::: Dataset excerpts

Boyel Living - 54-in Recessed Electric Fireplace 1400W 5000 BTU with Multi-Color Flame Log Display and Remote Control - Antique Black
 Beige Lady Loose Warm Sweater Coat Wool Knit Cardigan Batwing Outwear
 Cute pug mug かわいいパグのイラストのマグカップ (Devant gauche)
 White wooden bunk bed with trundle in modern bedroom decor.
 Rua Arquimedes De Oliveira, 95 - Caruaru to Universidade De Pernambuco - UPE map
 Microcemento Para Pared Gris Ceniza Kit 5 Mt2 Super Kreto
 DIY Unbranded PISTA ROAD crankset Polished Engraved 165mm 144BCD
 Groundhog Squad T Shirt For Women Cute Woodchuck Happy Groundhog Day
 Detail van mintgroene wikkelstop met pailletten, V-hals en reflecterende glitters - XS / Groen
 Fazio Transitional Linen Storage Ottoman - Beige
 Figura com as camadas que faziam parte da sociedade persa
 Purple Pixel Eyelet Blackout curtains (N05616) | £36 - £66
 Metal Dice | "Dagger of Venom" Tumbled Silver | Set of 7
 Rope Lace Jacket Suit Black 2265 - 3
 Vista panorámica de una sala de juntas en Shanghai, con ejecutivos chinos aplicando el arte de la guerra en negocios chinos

::::::

Brief. Copy every line in the records above that contains the word "with".

Solution to this problem.
Boyel Living - 54-in Recessed Electric Fireplace 1400W 5000 BTU with Multi-Color Flame Log Display and Remote Control - Antique Black
 White wooden bunk bed with trundle in modern bedroom decor.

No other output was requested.